The monorail takes approximately two minutes to travel between the Seattle Center and Westlake Center terminals, which are located 0.9 mi apart. Trains depart from each terminal approximately every 10 minutes, typically with a single train running continuously. Service operates for 13.5 hours from Monday to Thursday, 15.5 hours on Friday, 14.5 hours on Saturday, and 12.5 hours on Sunday. On Friday and Saturdays, the final train departs at 11:00 p.m. Monorail service is typically reduced on national holidays and closed entirely on Thanksgiving Day and Christmas. During special events at the Seattle Center and Climate Pledge Arena, operating hours are extended and train frequencies are increased to every four minutes by using both trains in the fleet.

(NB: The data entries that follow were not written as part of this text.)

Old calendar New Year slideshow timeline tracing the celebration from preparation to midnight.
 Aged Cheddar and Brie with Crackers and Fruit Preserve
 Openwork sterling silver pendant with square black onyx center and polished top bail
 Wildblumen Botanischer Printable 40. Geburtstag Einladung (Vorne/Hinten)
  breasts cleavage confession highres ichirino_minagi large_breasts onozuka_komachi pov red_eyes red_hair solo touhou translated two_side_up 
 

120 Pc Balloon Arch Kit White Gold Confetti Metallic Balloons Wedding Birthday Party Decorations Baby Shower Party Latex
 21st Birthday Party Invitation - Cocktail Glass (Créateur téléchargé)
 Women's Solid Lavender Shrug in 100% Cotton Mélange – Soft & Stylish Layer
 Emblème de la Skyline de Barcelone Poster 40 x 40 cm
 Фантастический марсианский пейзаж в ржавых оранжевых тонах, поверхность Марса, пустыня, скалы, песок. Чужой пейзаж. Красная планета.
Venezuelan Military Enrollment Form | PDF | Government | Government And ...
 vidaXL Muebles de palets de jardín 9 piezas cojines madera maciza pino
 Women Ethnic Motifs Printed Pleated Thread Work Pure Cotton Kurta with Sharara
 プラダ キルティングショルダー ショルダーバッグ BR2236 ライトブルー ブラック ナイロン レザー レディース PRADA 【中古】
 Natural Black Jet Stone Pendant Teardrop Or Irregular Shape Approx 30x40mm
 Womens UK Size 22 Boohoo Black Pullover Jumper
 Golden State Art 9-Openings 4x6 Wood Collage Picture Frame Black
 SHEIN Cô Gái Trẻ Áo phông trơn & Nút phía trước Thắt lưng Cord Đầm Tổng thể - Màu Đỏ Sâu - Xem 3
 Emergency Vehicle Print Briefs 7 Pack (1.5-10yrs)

Fares for the monorail are paid at turnstiles at either terminal using an ORCA card, a smartphone app, or paper tickets bought from a vending machine with credit/debit cards, or mobile payments. As of 2025, one-way fares are $4 for adults, $2 for youths aged 6–18, and $2 for people qualifying for the reduced rate, including senior citizens 65 years and older, disabled individuals, persons with Medicare cards, and active duty members of the U.S. military carrying their identification cards. Round-trip fares are twice the price of a one-way fare; monthly passes are also offered at adult and reduced rates. Children aged five and under are able to ride free. In October 2019, the monorail began accepting ORCA cards, the regional transit payment system, after five years of negotiations and a study over fare integration; since May 2023, youth ORCA cards are charged a $0 fare on the monorail as part of a statewide program to provide free transit for riders aged 18 years or younger. The monorail's ORCA card policy was modified in January 2026 to remove a free transfer credit and instead charge a portion of the fare for users without a monthly or daily pass. Free fares have also been provided to attendees of all public events at Climate Pledge Arena through a mobile app since January 2023 after an existing program for the Seattle Kraken and Seattle Storm was expanded. Fares are adjusted by the city government and Seattle Monorail Services to cover operational costs and remain in line with consumer inflation.

==Operations==

A private contractor, Seattle Monorail Services (SMS), founded in 1994, and currently owned by former Port of Seattle commissioner Tom Albro, operates the Seattle Center Monorail. Before 1994, the monorail was jointly operated by the Seattle Center and King County Metro, the county's public transit agency. The monorail receives no operating funds from public sources, with costs covered by fares and federal grants for capital projects; the service is unusual among U.S. public transport systems because it makes an operating profit. The contract between SMS and the city government is renewed every ten years and includes an even split of profits between the two parties.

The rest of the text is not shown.